_Required action:_ Copy, exactly as written, the lines that begin at the one containing "Dvacaman INS Macrame" and end at the one containing "(CT-8) Sports Block". Skip any pictures in the data below.

Supplied data Start Marker

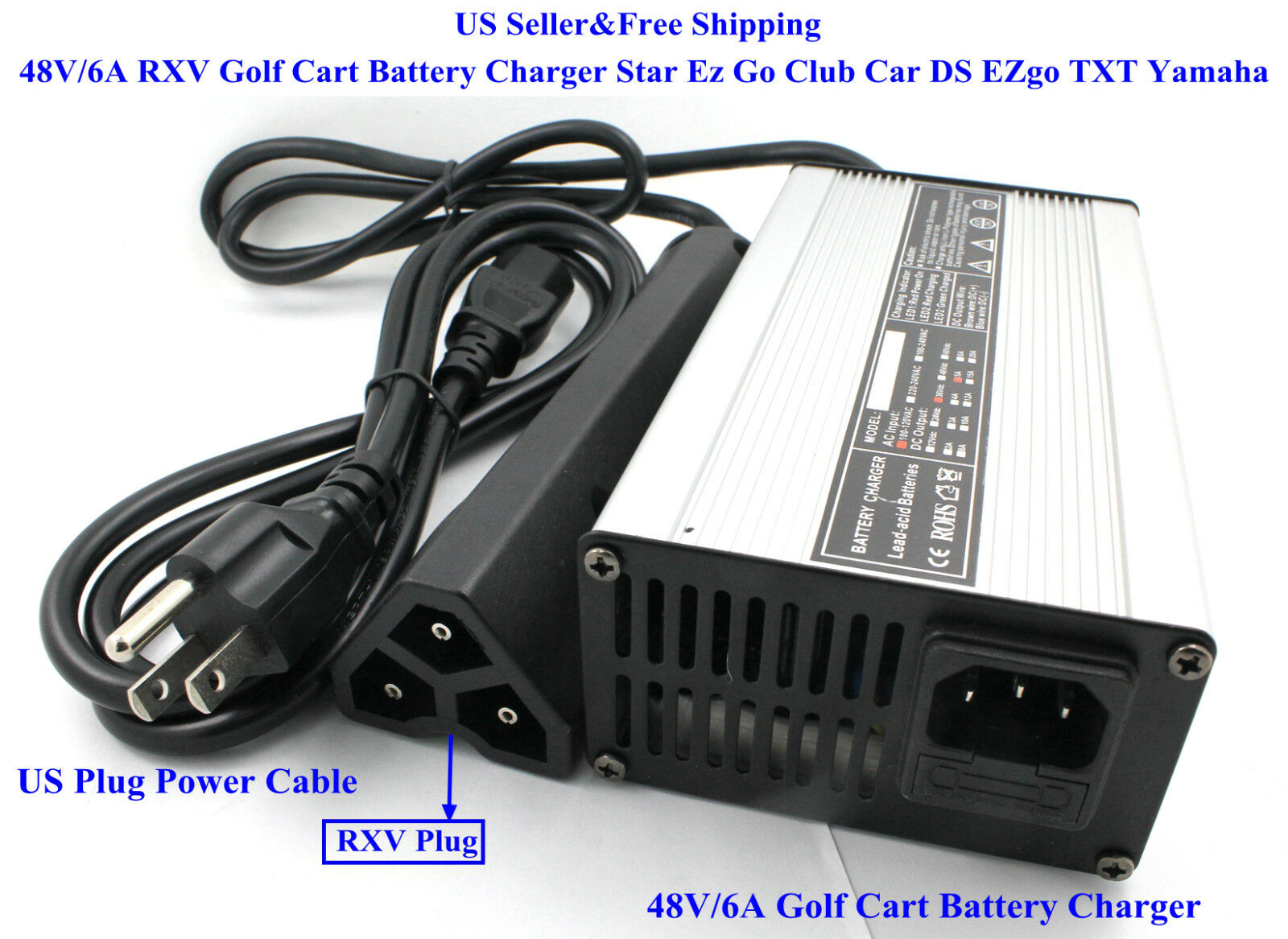 US 48V/6A RXV Golf Cart Battery Charger Star Ez Go Club Car DS EZgo TXT Yamaha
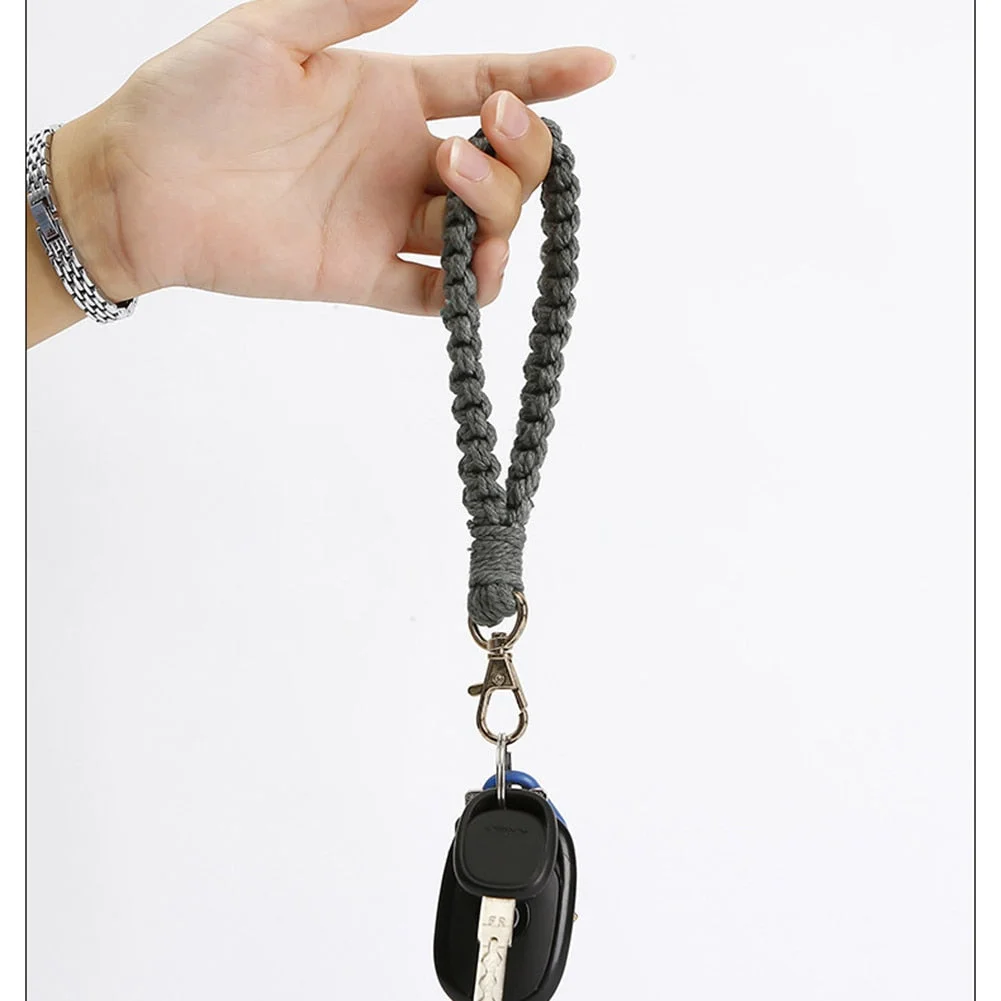 Dvacaman INS Macrame Twisted Keychain For Women Boho Handmade Key Holder Keyring Macrame Bag Charm Anti-lost Jewelry Accessories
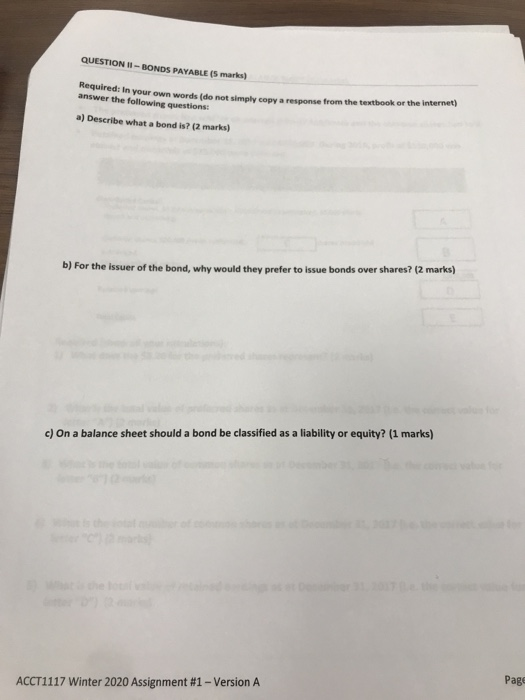 QUESTION 11-BONDS PAYABLE (5 marks) Required: In your own words (do not simply copy In your own words do not simply copy a re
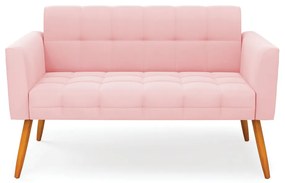 Sofá Namoradeira Elisa Suede Pés Palito Castanho - D'Rossi - Rosa Bebê
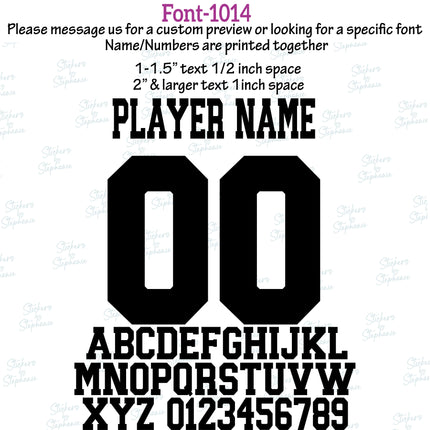 (CT-8) Sports Block Fonts Custom Player Name & Number Set Iron-On Transfer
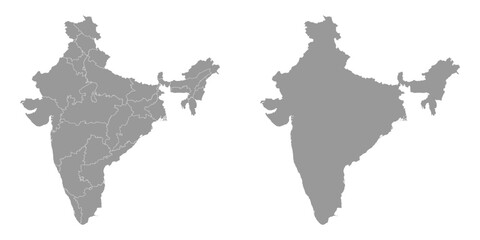 India grey map with administrative divisions. Vector illustration. - obrazy, fototapety, plakaty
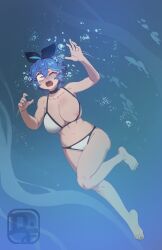 Rule 34 | 1girl, air bubble, arm up, armpits, asphyxiation, barefoot, bikini, black ribbon, blue hair, blush, breasts, breasts out, bubble, cleavage, dif (difman), difman, drowned, drowning, full body, highres, holding breath, jewelry, knees, large breasts, navel, necklace, nipples, open mouth, original, puffy cheeks, ribbon, ryona, short hair, solo, swimming, swimsuit, thighs, underwater, water torture, white bikini, wide-eyed, yellow eyes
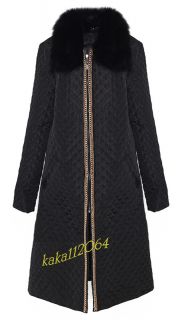 Ladies 422 Fox Fur Collar Noble Chain Zipper Long Coat Jacket Black Sz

Supplied data End Marker

_Your response:_
 Dvacaman INS Macrame Twisted Keychain For Women Boho Handmade Key Holder Keyring Macrame Bag Charm Anti-lost Jewelry Accessories
 QUESTION 11-BONDS PAYABLE (5 marks) Required: In your own words (do not simply copy In your own words do not simply copy a re
 Sofá Namoradeira Elisa Suede Pés Palito Castanho - D'Rossi - Rosa Bebê
 (CT-8) Sports Block Fonts Custom Player Name & Number Set Iron-On Transfer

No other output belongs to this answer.